Cuando se acercaba el día de Navidad, en Roma se empezaban a ver unos hombres vestidos con chaquetas de pieles de cabra, cuyos rizos naturales eran aún muy evidentes, con sendos sombreros negros ornados con cinta roja, y una capa negra. Sus largas calzas de lana, ceñidas por tiras de cuero que suben entrelazándose desde sus toscos calzados, cubrían la parte inferior de sus pantalones hasta casi las rodillas.
Son los zampognari, o también pifferari, que llegan desde las montañas y las zonas rurales del Lacio, Abruzzo y otras regiones cercanas a la urbe papal, para anunciar la Navidad con sus gaitas y pífanos.
Yo, siendo un niño, los vi una vez en la Piazza Navona, una noche fría de diciembre; hombretones de campo, acostumbrados a trabajar con el arado y el tractor, pertrechados con sus ropajes de faunos, pisan tímidamente las calles de la capital, sin saber cuanta alegría traen con sus antiguas tonadas.
Hablo de la Roma de hace varias décadas, ahora ya no se si habrá más zampognari, me figuro que si, pero como el mundo se ha vuelto un gran parque temático fabricado de cara al turista, probablemente hasta los zampognari sean máquinas tragaperras a las que habrá que echar una monedita de un euro para que toquen...
Ahora pienso que esos hombres rústicos son de las pocas cosas que me remiten a aquella Navidad que celebra a un niño pobre y perseguido, y que me hacen sentir rechazo hacia esta apoteosis del consumismo que se ha vuelto esta festividad, en franca competencia con el black friday.

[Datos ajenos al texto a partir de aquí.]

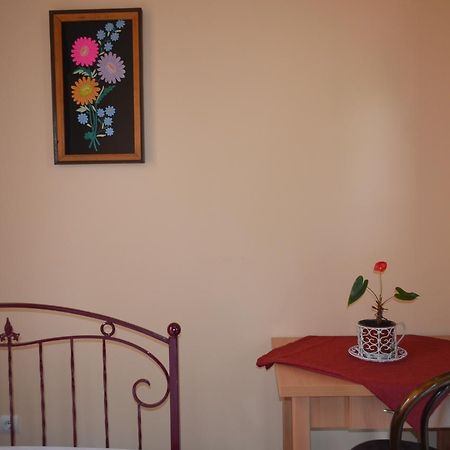 Centre Hostel Mukačevo Exteriér fotografie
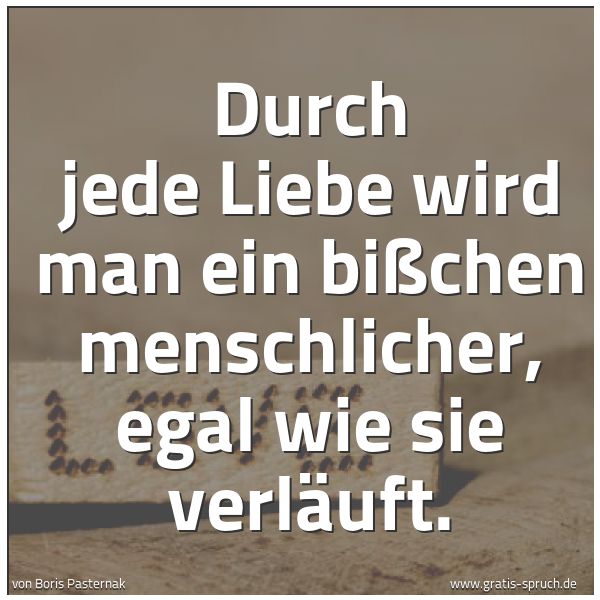 Spruchbild mit dem Text 'Durch jede Liebe wird man
ein bißchen menschlicher,
egal wie sie verläuft.'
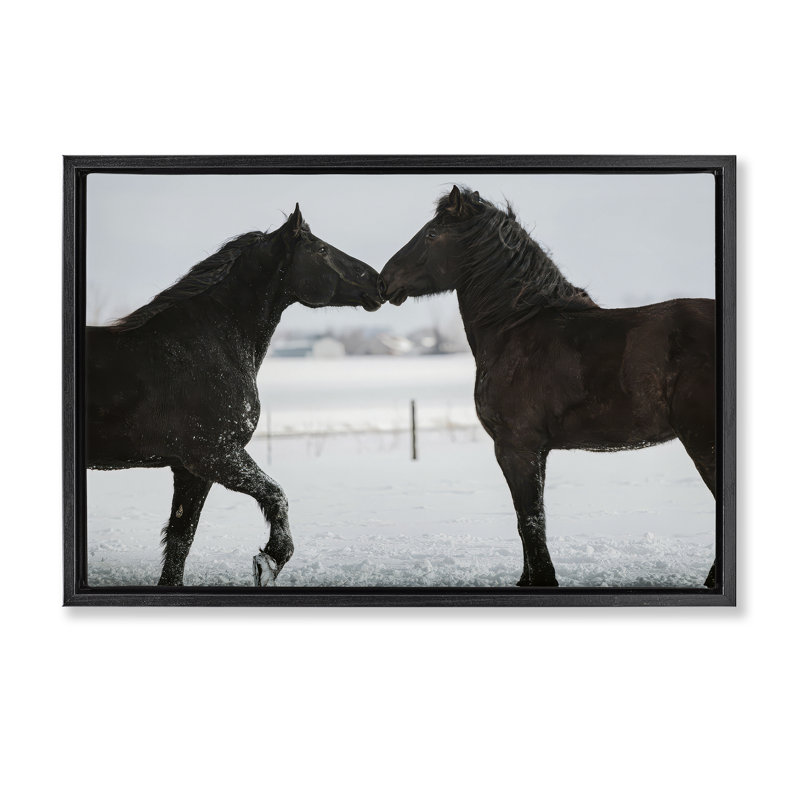 Cadre flottant Winter Horse, conçu par Amy Carroll, H 17 po x l 25 po, Cadre flottant noir de jais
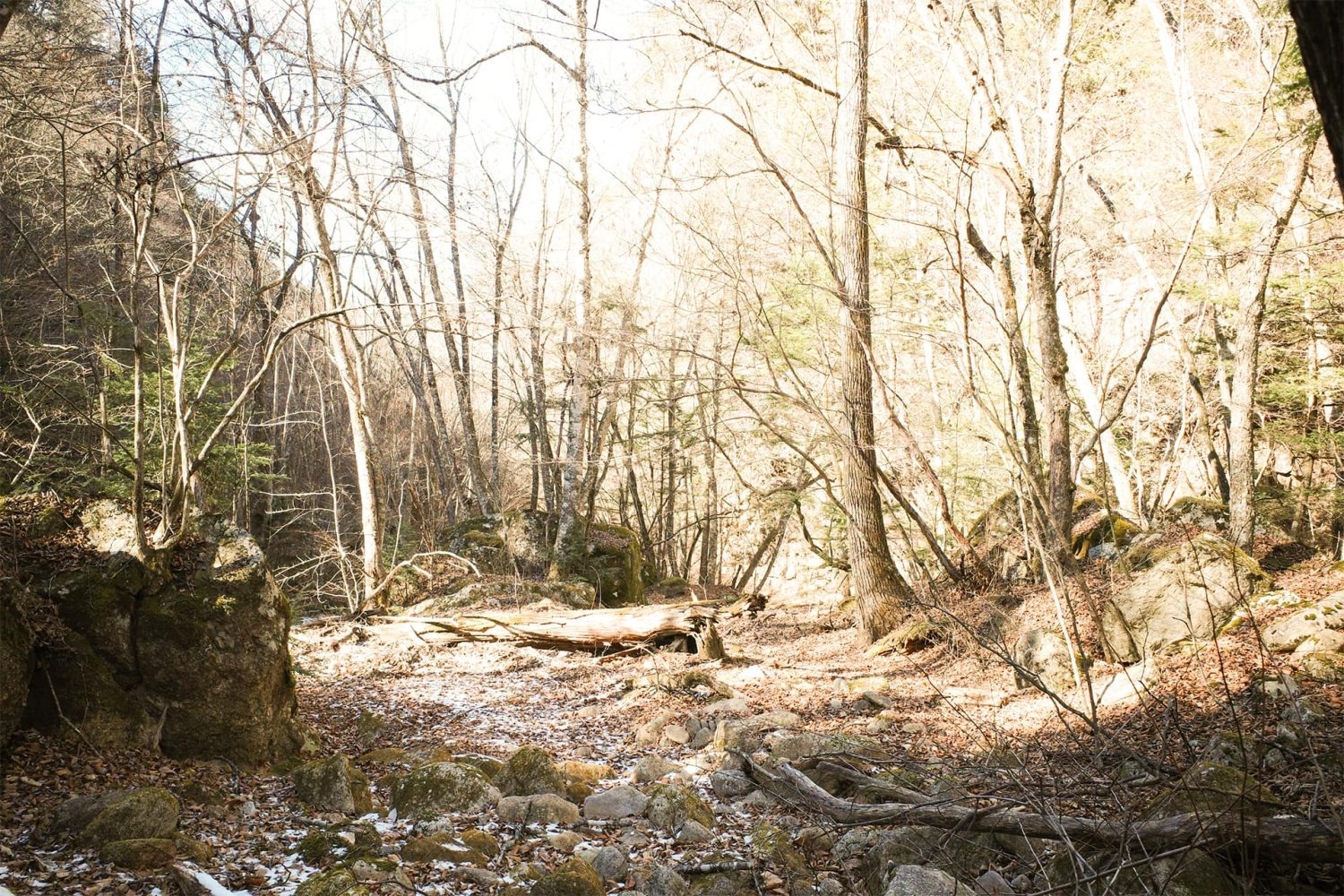 近隣ロケ地:雪が残る森 / 冬
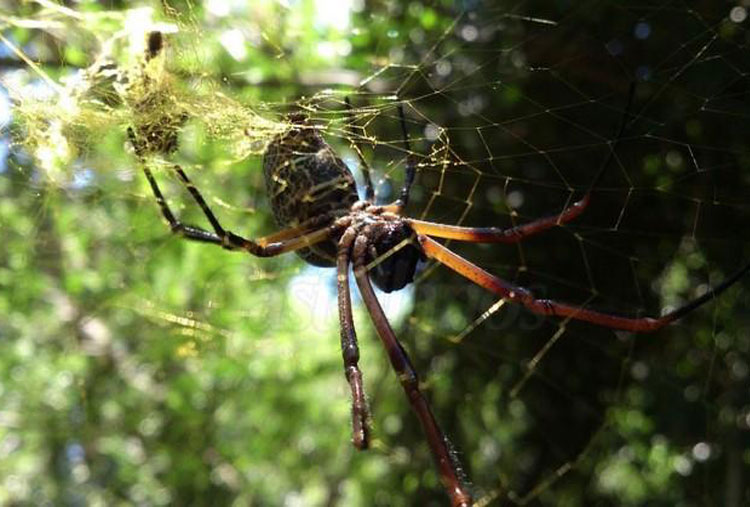 Araña de seda dorada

Yo si celebro la Navidad, con mi familia, la que lo es de verdad, aunque no están todos los que quisiera... dejo los grandes festines a Herodes, Poncio Pilatos y a los fariseos, que seguramente harán una gran cena con invitados ilustres, amenizada por el ultimo rapero de moda, o la cantante más cotizada del momento. Y aunque todavía no entiendo muy bien, en este mundo en conflicto, qué diablos se celebra, les deseo a todos Feliz Navidad.